Muirium wrote: Possibly case? You think?
I thought possibly a case could be repurposed from something other than a keyboard. I still wouldn't rule it out.
Muirium wrote: Those modules are so tall they'd radiate away from the curved plate. Imagine a baseball bat with nails in it (a local favourite): the switch modules are the nails.
Oh so they're mounted to a plate at the top, rather than to a board at the bottom. That actually makes things moderately simpler. The plate wouldn't be much different from your typical SSK plate, except that we'd obviously have to sneak a bunch of support posts into it along the way.
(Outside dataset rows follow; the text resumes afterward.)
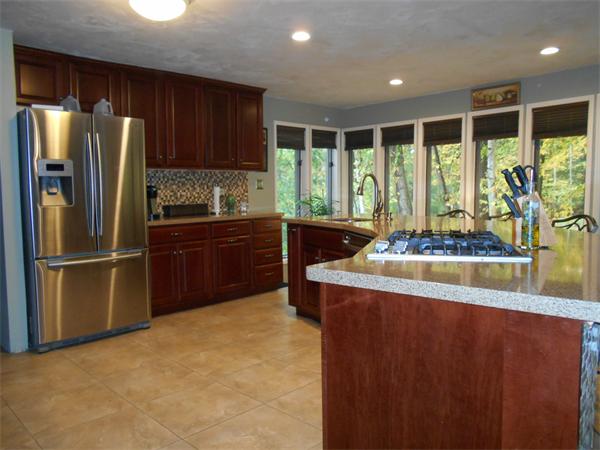 239 Monson Turnpike Road Ware, MA 01082 - Photo 14 of 30 a kitchen with kitchen island a large window cabinets and stainless steel appliances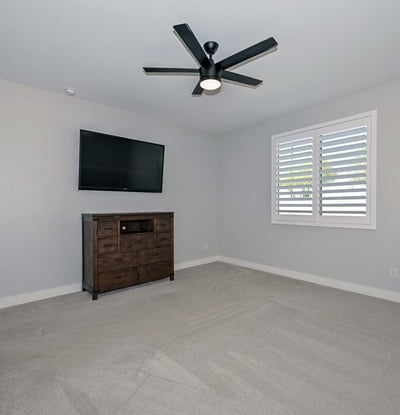 A peaceful primary suite with soft gray tones, upgraded ceiling fan, and bright natural light designed for restful living in this Peoria home.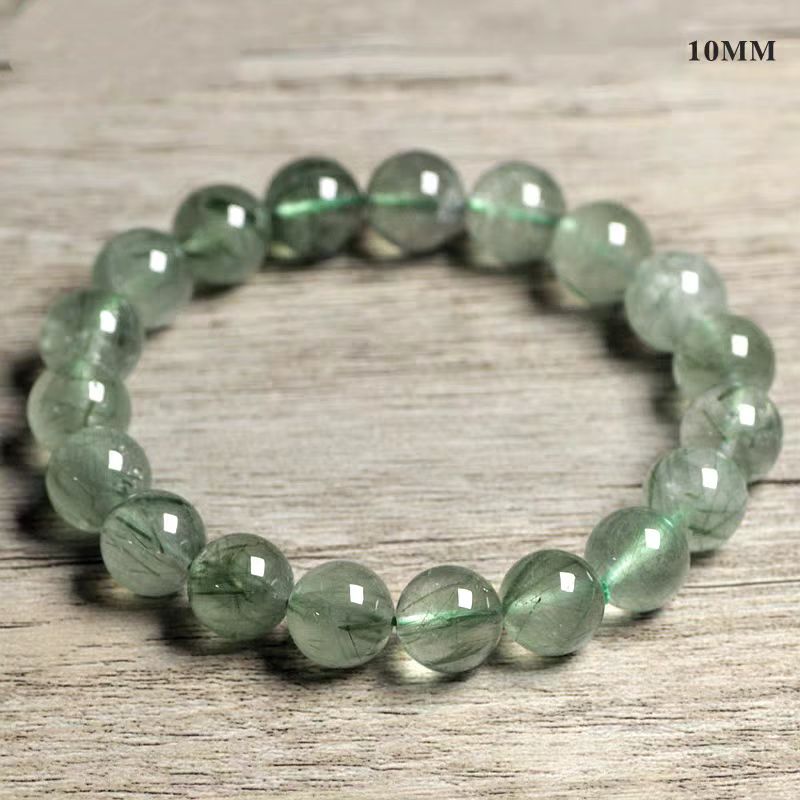Green beaded bracelet on a wooden surface with '10MM' text.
The circuit board (I don't imagine you want to hand-wire a bunch of these for production, it doesn't scale) would actually have to be seven separate boards, each one a strip encompassing one row of keys, with cables to attach each board to the next. This could come shipped as one single "snap-apart" board to save on the manufacturing costs and also to help assure that the boards would fit together nicely. I don't see a damn thing to be done about the platform effect except to mill a depression into the user's desk. :roll:

It would be a pain, but I don't see anything remotely impossible about it. It might not be cost-effective, but isn't the whole reason they fell out of production in the first place the fact that it wasn't cost-effective to make them any more?

User avatar
chzel

01 Jun 2015, 23:24

If you make a curved plate, you are complicating things too much. There is no switch without the PCB, it just doesn't work that way, so you can't hardwire. You need the PCB perfectly aligned with the fly plates and you don't have any means to attach the switch to the PCB other than a plate-switch-pcb-plate sandwich.
You could possibly make one top plate with the switches and for each row a separate PCB and bottom plate brought together with standoffs and screws, but you still haven't solved the issue of the caps.
Beamspring switches are designed to be mounted on a flat plate and their caps are designed with that in mind. If you put them on a curved plate, you create a much tighter radius and possible conflicts between caps.
So yes, it could be a feasible design (if we could find an adequate source of switches and caps) but I believe only a flat plate, like this, would make sense.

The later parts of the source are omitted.